WHAT YOU ARE ASKED TO DO: Starting at the line containing "Pozdeň - schodiště" and ending at the line containing "INSTAPKLARE NIEUWBOUWWONING MET", transcribe the listing below exactly. Keep both end lines, skip the pictures, and copy nothing else.

EXTRACTED RECORDS:
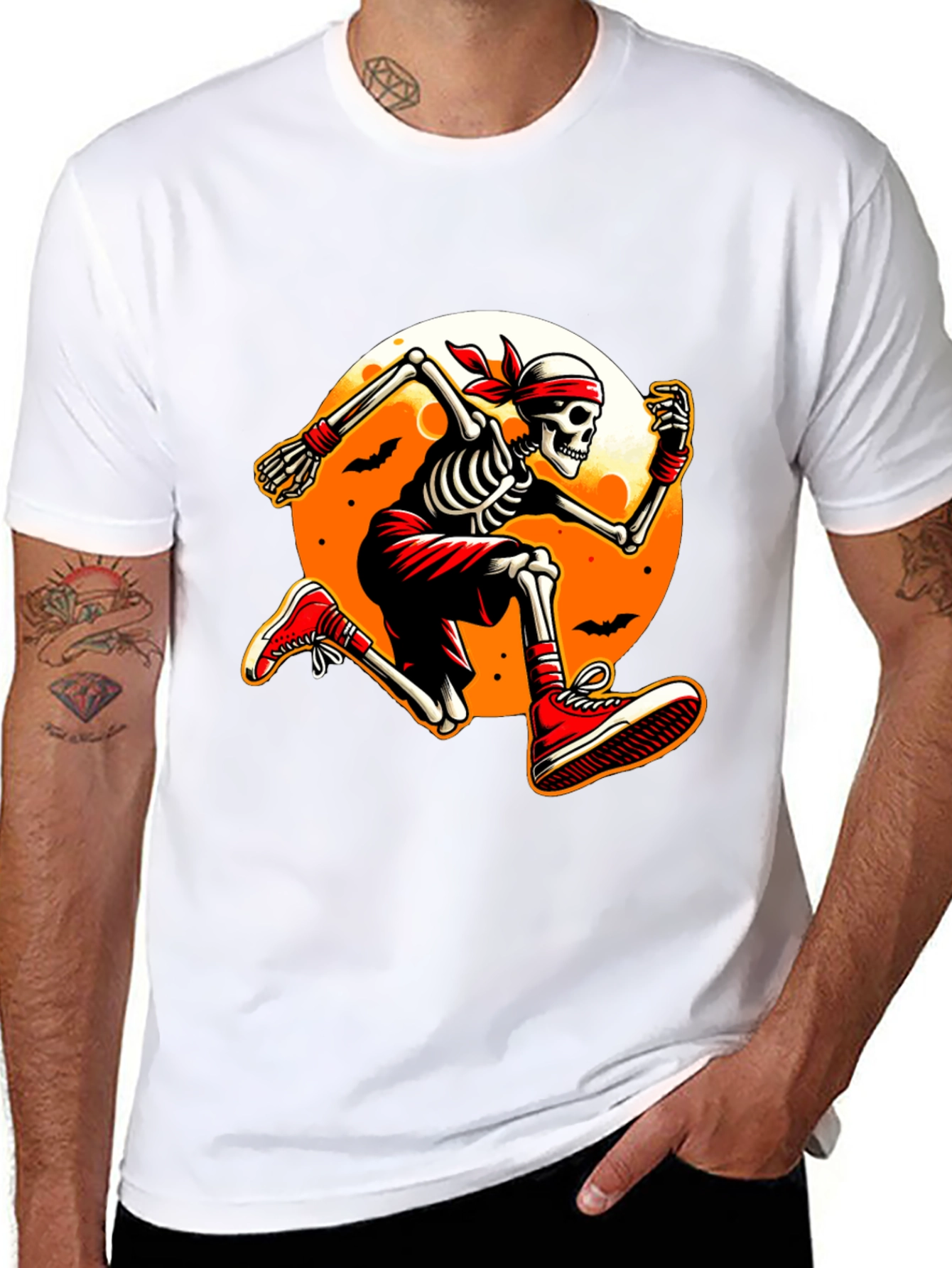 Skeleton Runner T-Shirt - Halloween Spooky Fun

...

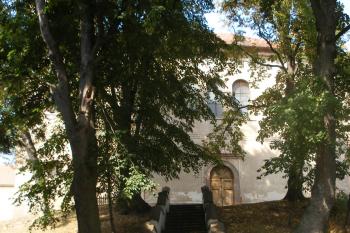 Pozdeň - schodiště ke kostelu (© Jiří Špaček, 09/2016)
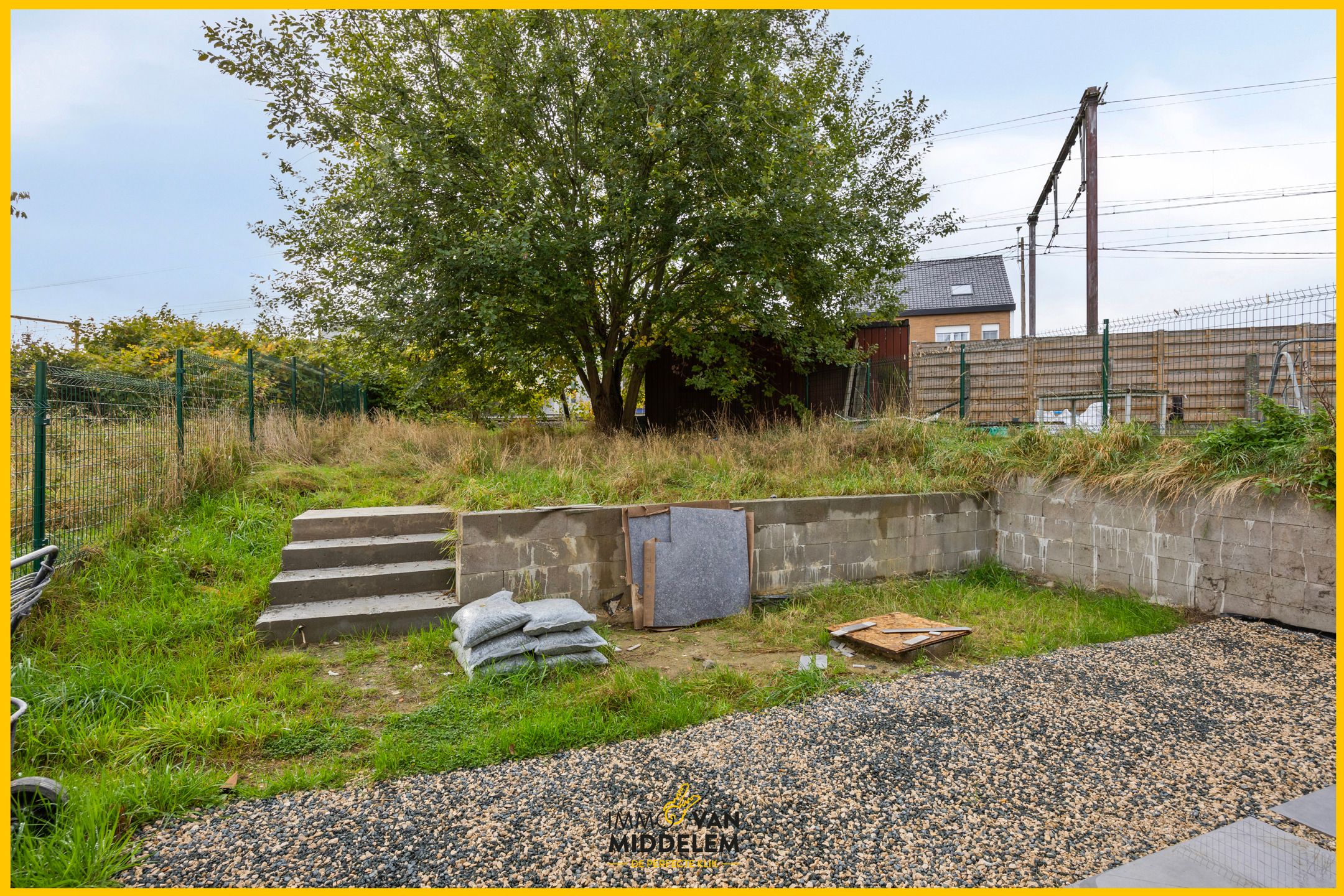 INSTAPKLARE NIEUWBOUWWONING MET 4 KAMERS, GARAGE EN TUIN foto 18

--

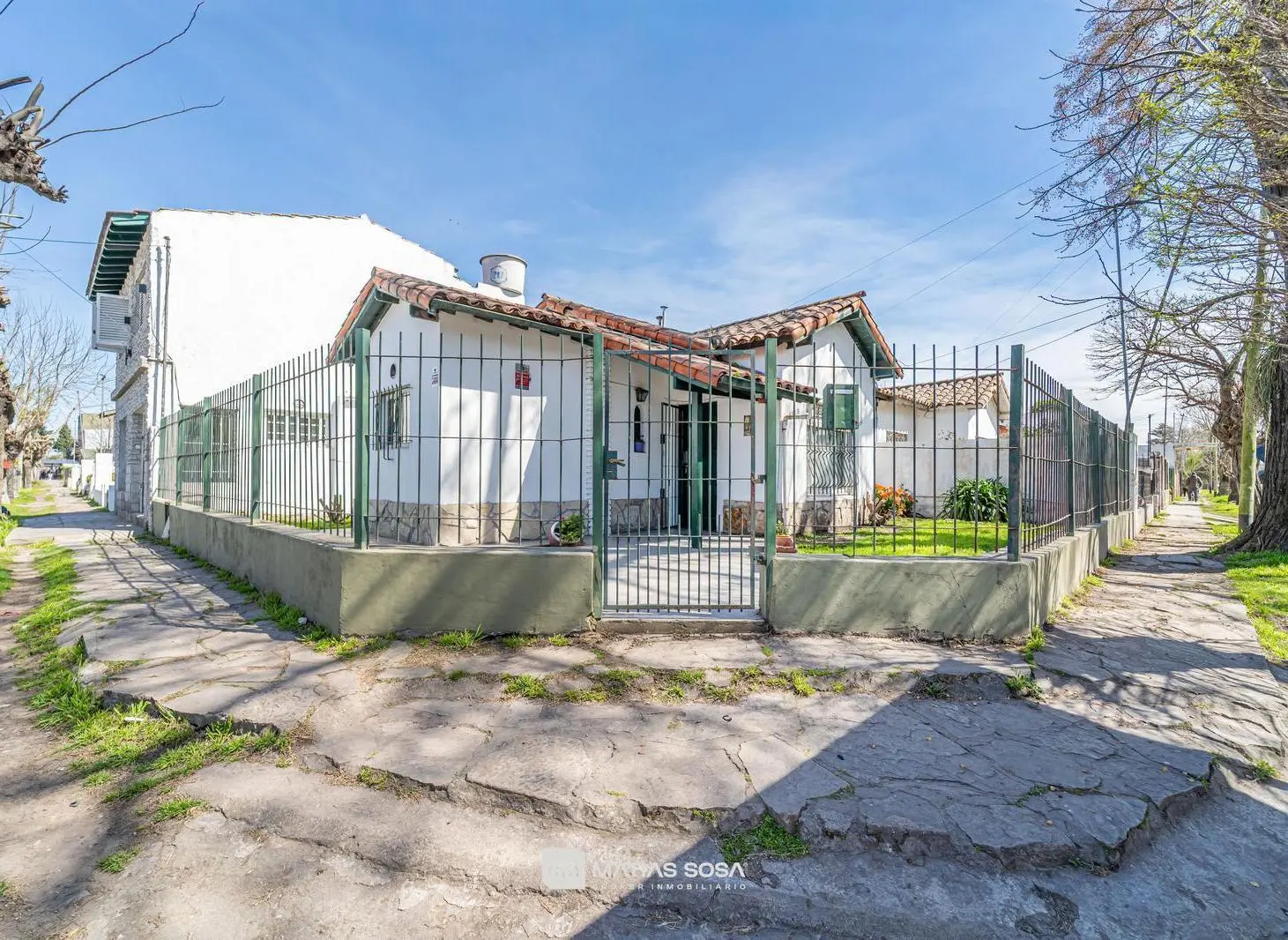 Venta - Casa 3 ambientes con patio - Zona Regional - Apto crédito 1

TASK RESPONSE:
 Pozdeň - schodiště ke kostelu (© Jiří Špaček, 09/2016)
 INSTAPKLARE NIEUWBOUWWONING MET 4 KAMERS, GARAGE EN TUIN foto 18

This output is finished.